Task objective =
Look below for the lines from the one with "Original Christmas at the Farm Soy Candle" to the one with "Roland Garros começa, brasileiros", and copy exactly those lines, both ends included.

The records =
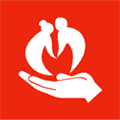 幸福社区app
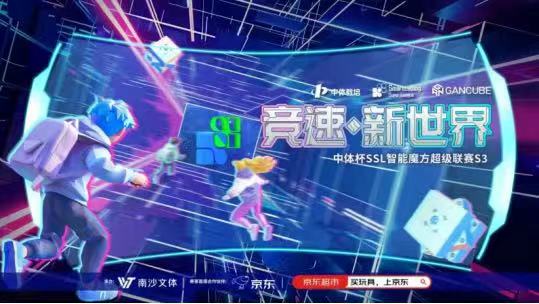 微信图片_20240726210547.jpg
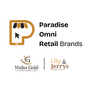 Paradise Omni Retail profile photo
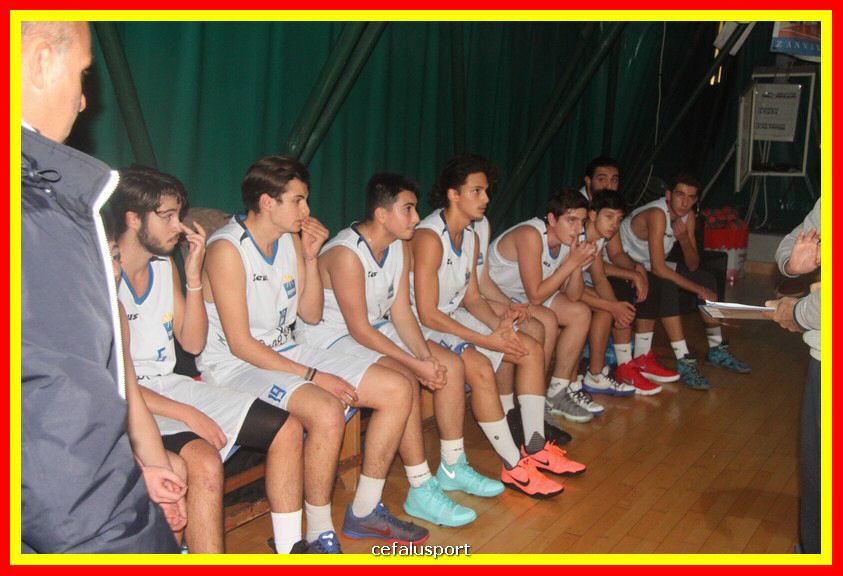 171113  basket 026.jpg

* * *

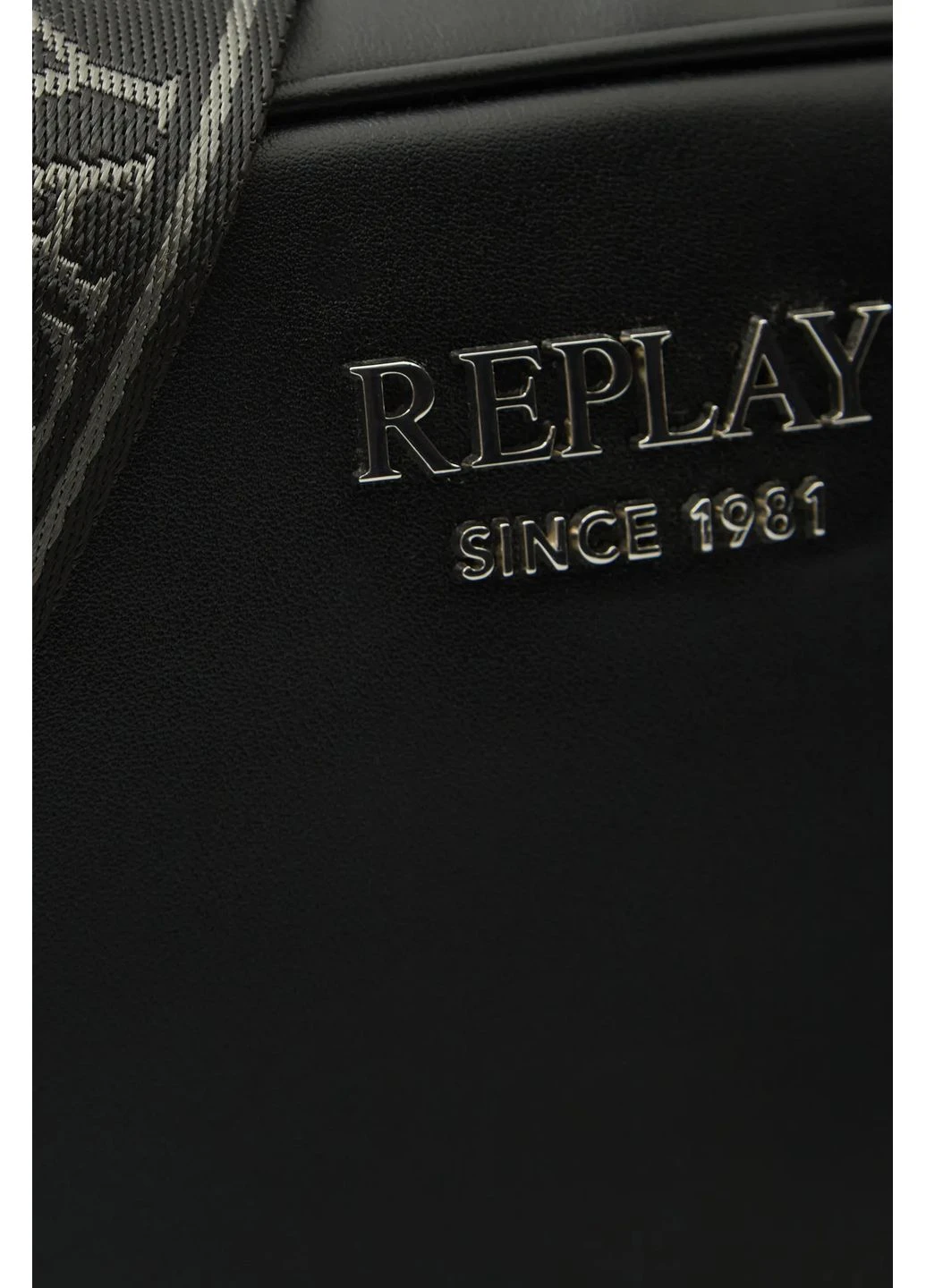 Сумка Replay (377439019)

---

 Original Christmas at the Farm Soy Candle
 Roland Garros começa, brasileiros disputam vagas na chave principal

Answer area =
 Original Christmas at the Farm Soy Candle
 Roland Garros começa, brasileiros disputam vagas na chave principal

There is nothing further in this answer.